Below are records; the lines starting at the one with "161 Forest Road, Gymea NSW 2227" and ending at the one with "Tiny photo for" must be reproduced exactly, both included. Pictures must not appear.

-- Records supplied follows --

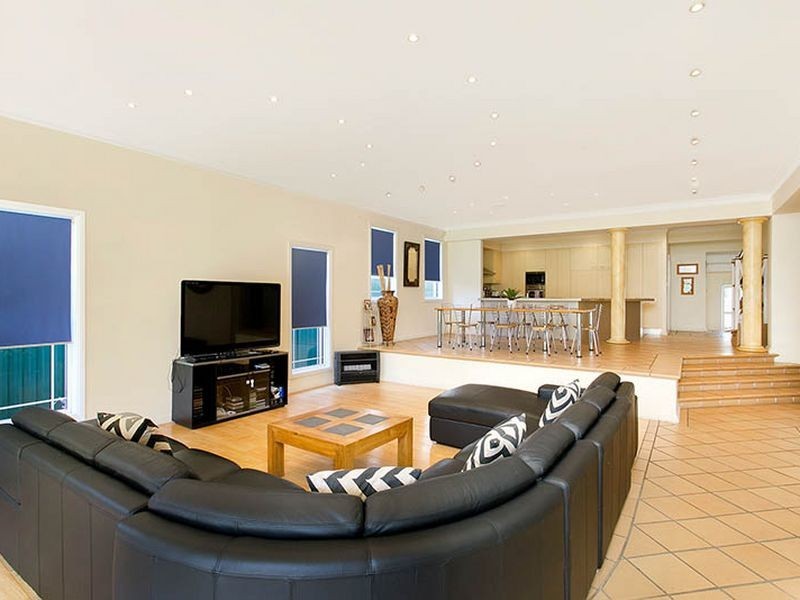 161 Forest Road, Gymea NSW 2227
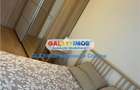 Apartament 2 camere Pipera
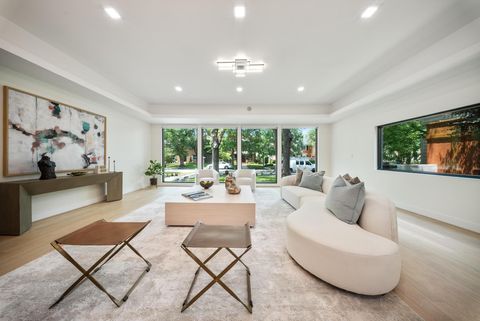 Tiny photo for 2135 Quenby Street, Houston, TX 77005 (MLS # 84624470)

-- Records supplied concluded --
-- Records supplied follows --

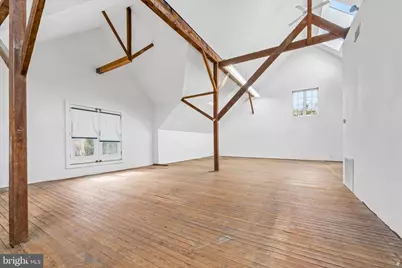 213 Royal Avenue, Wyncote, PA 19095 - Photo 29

-- Records supplied concluded --

Answer to this exercise:
 161 Forest Road, Gymea NSW 2227
 Apartament 2 camere Pipera
 Tiny photo for 2135 Quenby Street, Houston, TX 77005 (MLS # 84624470)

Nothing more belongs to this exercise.